* _What is expected_:
Using the listing below, set down exactly the lines starting at the line that contains "Blood testing for" and ending at the line that contains "The FireStick and", both included, and no others.

* _Given records_:
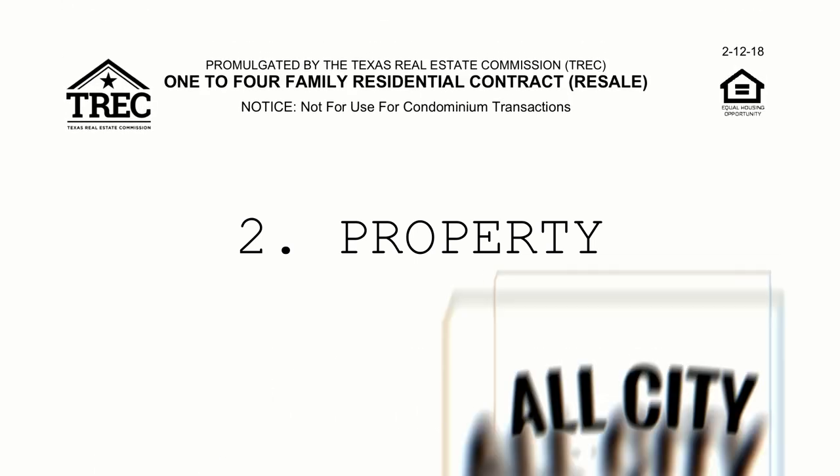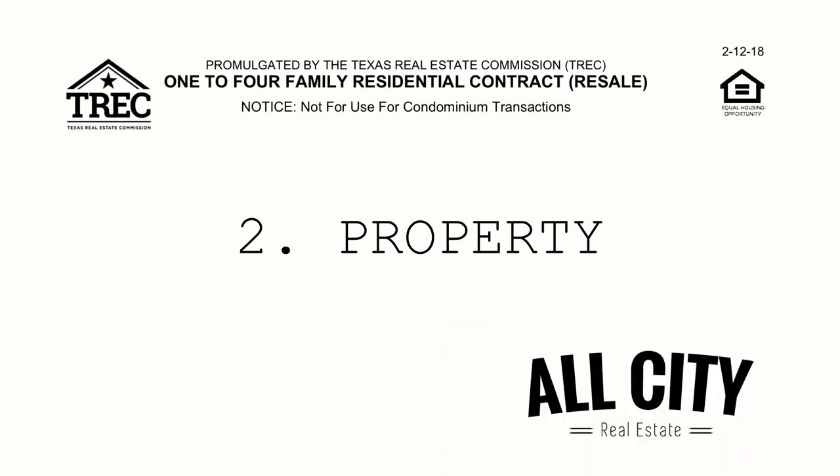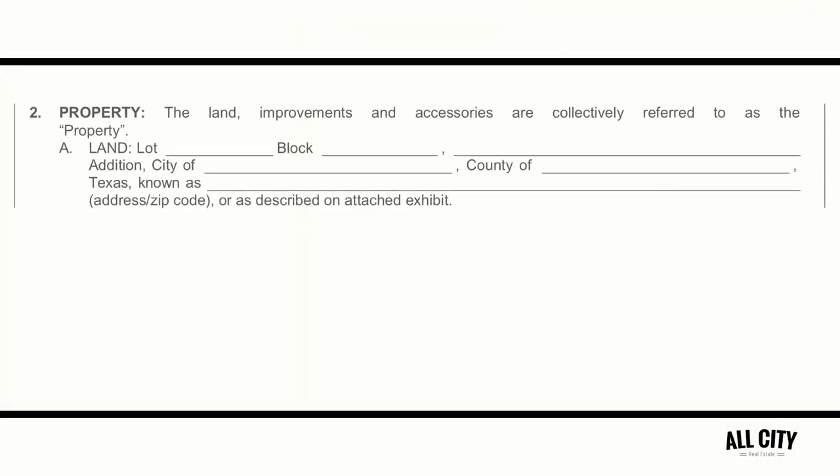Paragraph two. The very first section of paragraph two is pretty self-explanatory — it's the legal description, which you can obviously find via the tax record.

...

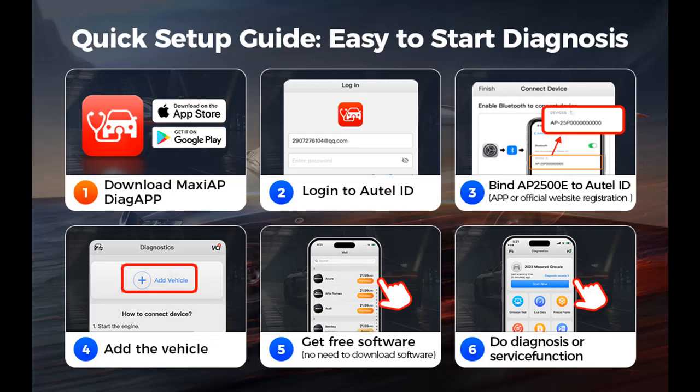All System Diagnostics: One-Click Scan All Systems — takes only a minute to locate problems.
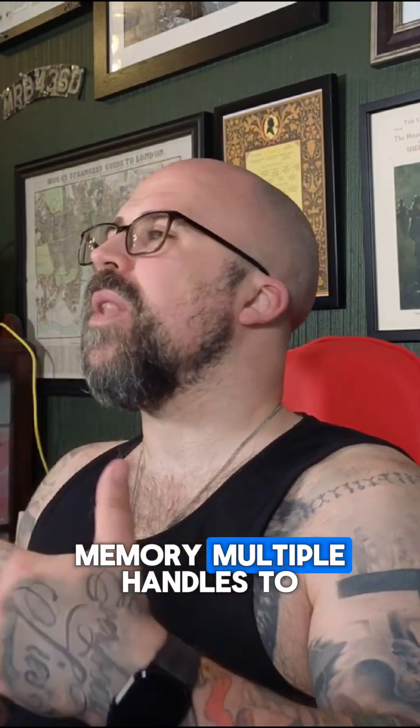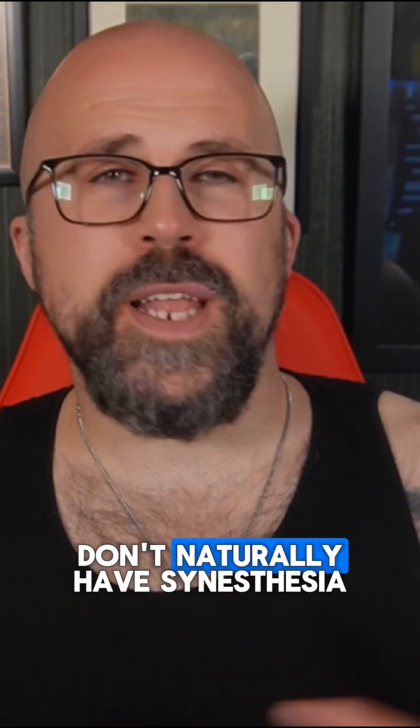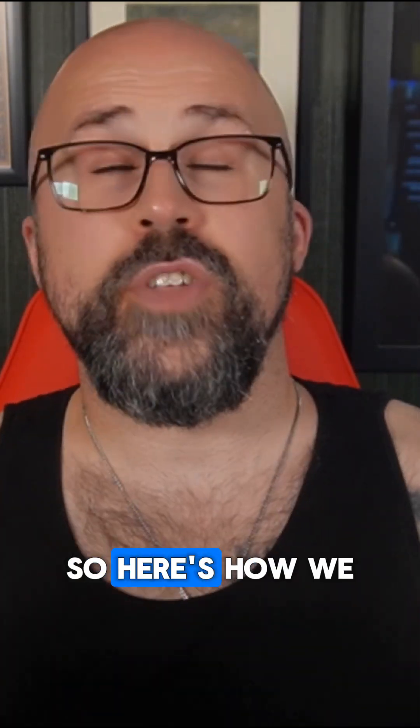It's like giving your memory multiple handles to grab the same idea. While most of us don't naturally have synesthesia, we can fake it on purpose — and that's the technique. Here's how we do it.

==

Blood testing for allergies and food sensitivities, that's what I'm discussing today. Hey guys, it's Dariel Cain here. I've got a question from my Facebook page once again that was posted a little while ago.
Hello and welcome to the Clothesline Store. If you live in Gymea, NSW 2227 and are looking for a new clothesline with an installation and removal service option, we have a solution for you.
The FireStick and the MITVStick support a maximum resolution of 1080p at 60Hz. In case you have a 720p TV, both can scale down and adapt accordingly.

* _Exercise result_:
Blood testing for allergies and food sensitivities, that's what I'm discussing today. Hey guys, it's Dariel Cain here. I've got a question from my Facebook page once again that was posted a little while ago.
Hello and welcome to the Clothesline Store. If you live in Gymea, NSW 2227 and are looking for a new clothesline with an installation and removal service option, we have a solution for you.
The FireStick and the MITVStick support a maximum resolution of 1080p at 60Hz. In case you have a 720p TV, both can scale down and adapt accordingly.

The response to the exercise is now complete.